Hanau. Halle. Erfurt. Kassel. Rostock-Lichtenhagen. Solingen. Mölln…Rechte, rassistische und antisemitische Gewalt haben tödliche Kontinuität. Während Vorstellungen eines linearen Fortschritts die moderne Gesellschaft bestimmen – insbesondere auch die Vorstellung der Bundesrepublik – zeugen rassistische Morde davon, dass Menschen aus migrantischen Communities immer schon Vorurteilen und Hetze ausgesetzt waren. Und es bleiben.

Ungeachtet aller Versprechen von blühenden Landschaften florieren rechte Diskurse. Während in den „Baselballschlägerjahren“ der 90er noch deutsche Neonazis das Bild am rechten Rand prägten, herrscht heute ein neues gesamtgesellschaftliches Klima des Ressentiments: Gepflegt wird dieses nicht nur innerhalb der Bundesrepublik, sondern auch an den europäischen Außengrenzen. Flüchtende Menschen werden zu „Problemen“ gemacht, havarierende Schlauchboote apologetisch als „Taxis“ bezeichnet.  Selbst dann, wenn ein Täter scheinbar „alleine“ handelt und nicht eindeutig in rechte Netzwerke eingebunden ist, sind die Taten immer eingewoben in diese diskursiven Netzwerke des gesamtgesellschaftlichen Rassismus.

Gegen uns. Alle.

Wie können wir 30 Jahre nach der Wiedervereinigung zulassen, dass Menschen unter uns angefeindet, bedroht und ermordet werden? Es wird vergessen, was rechte Gewalt eigentlich ist. Und woher sie kommt. Was bedeutet es, dass man sich freut, wenn die AfD bei einer Landtagswahl „nur“ 20% der Stimmen erhält?

Was bedeutet dies für die Menschen, die in der Schusslinie des erstarkenden Rechtsradikalismus in der Bundesrepublik stehen? Wer ist „wir“? Die Stimmen, die in der Webdokumentation „Gegen uns“ sprechen, beantworten diese Frage unmittelbar und klar: Sie ordnen die Taten ein und machen sowohl die Auswirkungen deutlich, die die Gewalt auf ihr Leben hat, als auch die gesellschaftlichen Folgen von Rassismus und Antisemitismus. Beim Zuhören wird deutlich: „Rechte Gewalt richtet sich gegen die Betroffenen, und auch gegen uns alle.“

Die Webdokumentation "gegen uns: Betroffene im Gespräch über rechte Gewalt seit 1990 und die Verteidigung der solidarischen Gesellschaft" stellt Lebensgeschichten von Menschen in den Mittelpunkt, die nach 1990 aus rassistischen, antisemitischen und anderen rechten Motiven angegriffen wurden. medico hat das Projekt in der Anfangsphase unterstützt.
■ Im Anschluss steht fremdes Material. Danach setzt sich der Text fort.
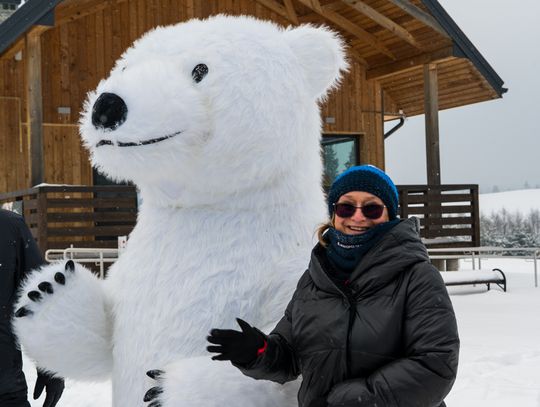 Niecodzienny Wyścig w Krzywej: Zjazd „Na Byle Czym” Pełen Śmiechu i Kolorów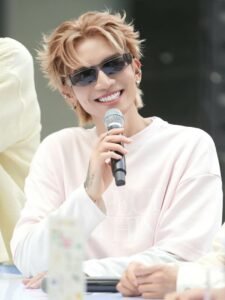 Nụ cười rạng rỡ trong ảnh BB Trần đẹp trai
Jetzt ist die Webdokumentation von RAA Sachsen, ezra, Opferperspektive und des Verbands der Beratungsstellen für Betroffene rechter, rassistischer und antisemitischer Gewalt e.V. für den Online-Grimme-Award 2021 nominiert. Bis zum 10.6.2021 um 23:59 kann noch online beim Publikumspreis-Voting für den Grimme-Online-Award abgestimmt werden

Veröffentlicht am 10. Juni 2021

Julia Manek

Julia Manek ist Psychologin und Humangeographin. In der Öffentlichkeitsarbeit von medico international ist sie als Referentin für psychosoziale Arbeit tätig.